▶ Information shown
########################################

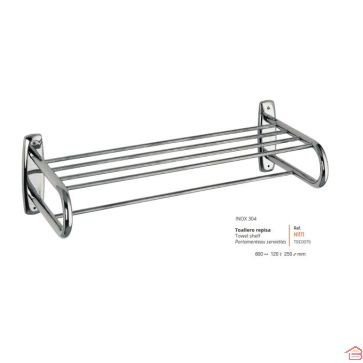 PORTE MANTEAU SERVIETTE EN INOX 304 60 X 12 CM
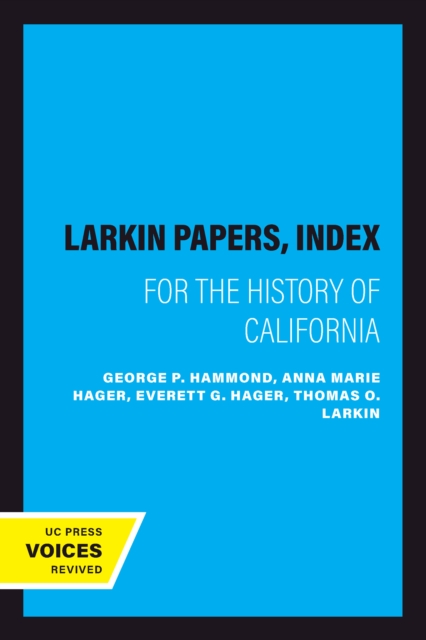 Larkin Papers, Index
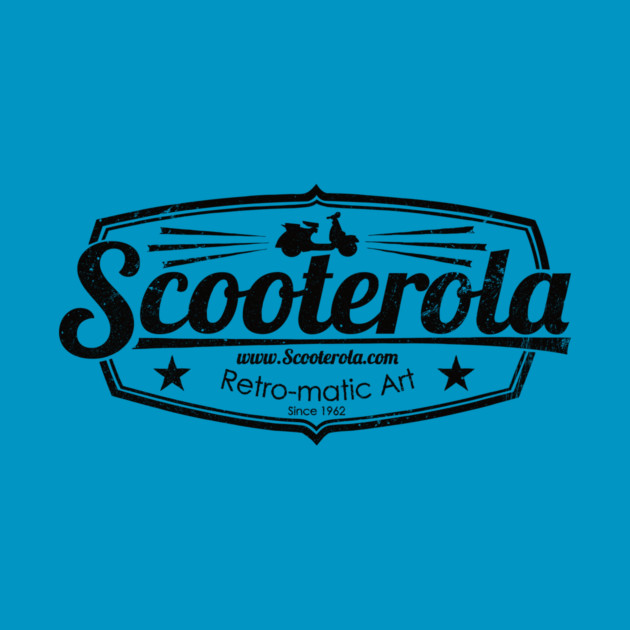 Scooterola Shield Black ink by Retro-Spective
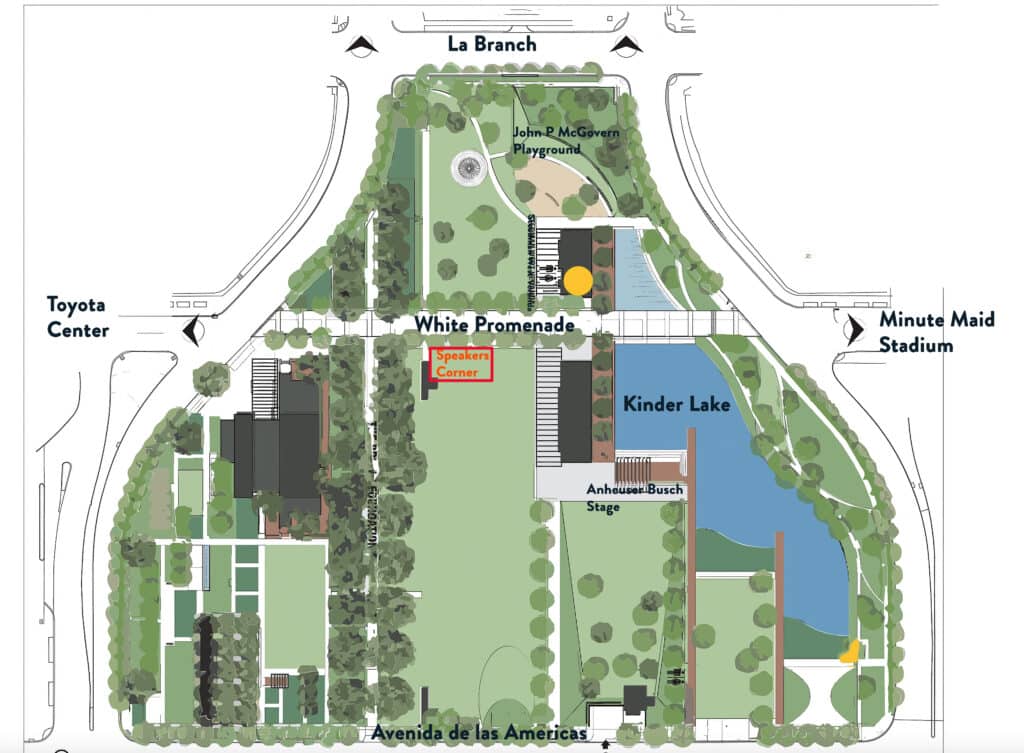 speakers corner map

########################################

▶ Instructions to follow
Take the lines from the one containing "Larkin Papers, Index" through the final line of the listing above and print them exactly, including both ends but no pictures.

▶ Output
 Larkin Papers, Index
 Scooterola Shield Black ink by Retro-Spective
 speakers corner map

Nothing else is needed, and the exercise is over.